• [Source material]

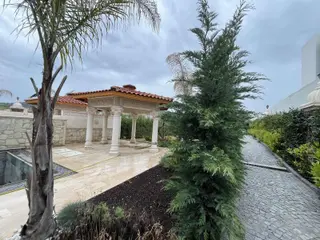 Kozbeyli Merkezde Kiralık Müstakil Havuzlu Lüks Villa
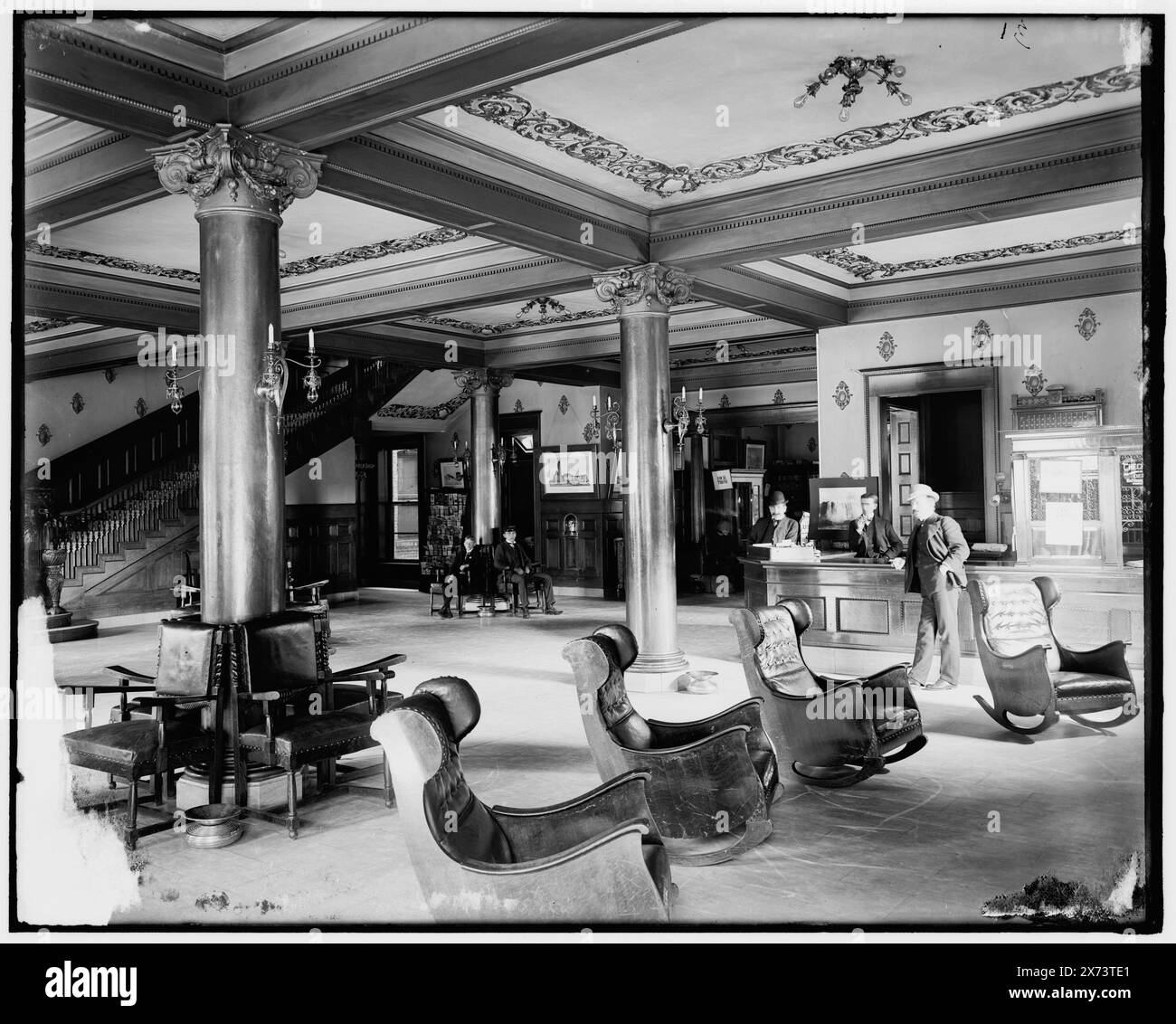 Lobby de Harrington Hotel, Port Huron, Mich., titre de la veste., '31' sur négatif., Detroit Publishing Co. no. 042567., Gift ; State Historical Society of Colorado ; 1949, Hôtels. , Lobbies. , Chaises à bascule. , États-Unis, Michigan, Port Huron. Banque D'Images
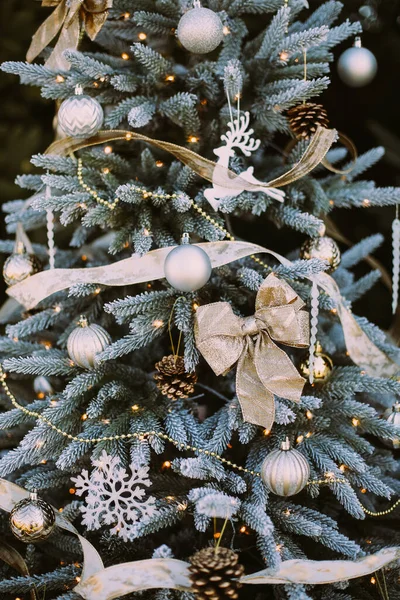 Warm vintage beeld van de kerstboom versierd met traditionele ornamenten als verlichting, beige kerstballen en knutselen, close-up. — Stockfoto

• [Directions] Copy out the material above exactly; the images stay out.

• [Written solution]
 Kozbeyli Merkezde Kiralık Müstakil Havuzlu Lüks Villa
 Lobby de Harrington Hotel, Port Huron, Mich., titre de la veste., '31' sur négatif., Detroit Publishing Co. no. 042567., Gift ; State Historical Society of Colorado ; 1949, Hôtels. , Lobbies. , Chaises à bascule. , États-Unis, Michigan, Port Huron. Banque D'Images
 Warm vintage beeld van de kerstboom versierd met traditionele ornamenten als verlichting, beige kerstballen en knutselen, close-up. — Stockfoto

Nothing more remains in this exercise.